Orthopedic Oncology cases metastatic bone disease

A left-hand-dominant, 66-year-old female is sent to your office for shoulder pain, possibly a rotator cuff tear. She has pain in her left shoulder and upper arm that is limiting her ability to use the extremity. It is exacerbated by weight bearing, although it does hurt her at night when she tries to sleep as well. She also reports a 30-lb weight loss in the past year. On examination, impingement signs are negative, although she does report pain in the upper arm when it is loaded or palpated.

  1. ray of her right shoulder is shown in Figure 8–33. What is the most likely cause of her shoulder pain?

    1. Impending fracture through metastatic lesion in the proximal humerus

    2. Osteoarthritis

    3. Rotator cuff tear

    4. Primary bone tumor of the proximal humerus

 

 

Figure 8–33

 

Discussion

The correct answer is (A). Metastatic bone disease is the most common reason for destructive bone lesions in adults. More than 1.4 million cases of cancer per year are diagnosed in the United States, and bone metastases develop in about 50% of patients. In this case, an impending fracture of the proximal humerus is responsible for the pain, based on the destructive imaging features.

Which of the following is unlikely to be the primary cancer site?

  1. Breast

  2. Kidney

  3. Lung

  4. Uterus

 

Discussion

The correct answer is (D).
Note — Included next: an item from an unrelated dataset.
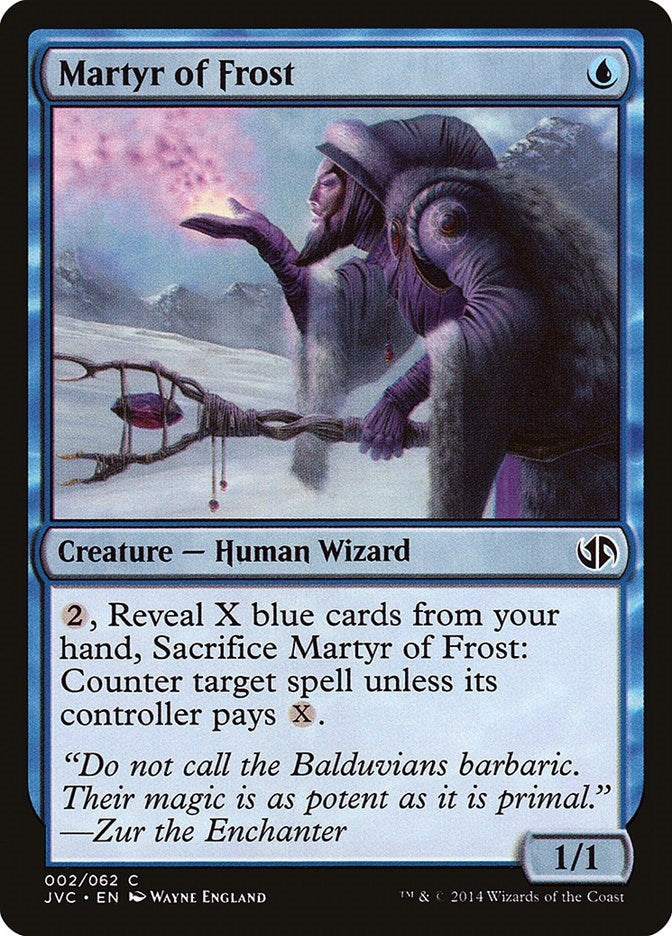 Image for Martyr of Frost (2) [Anthology] - Magic: The Gathering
The most common primary cancer sites that metastasize to bone are breast, thyroid, prostate, lung, and kidney.

Which of the following is not included in the workup of an older patient with a destructive bone lesion?

  1. CT scan of chest, abdomen, pelvis

  2. Liver function tests

  3. Electrolyte panel

  4. Whole-body bone scan

 

Discussion

The correct answer is (B). The workup of an older patient with a destructive bone lesion includes a thorough history and physical examination (focusing on breast, lung, prostate, thyroid, and lymph nodes), electrolyte panel (with calcium), prostate-specific antigen, alkaline phosphatase, complete blood count, serum protein electrophoresis/urine protein electrophoresis, urinalysis, plain radiographs of the bone lesion (in two planes, including the entire bone), a CT scan of the chest, abdomen, and pelvis, and a whole-body bone scan. In up to 85% of patients, this workup will reveal the primary site of malignancy. Liver function tests are not routinely included in this workup, as hepatocellular cancer rarely metastasizes to bone.

 

Objectives: Did you learn...?

 

To recognize metastatic bone disease on imaging?

 

 

The workup of a patient who presents with a bone lesion? The common sites of primary disease which spreads to bone?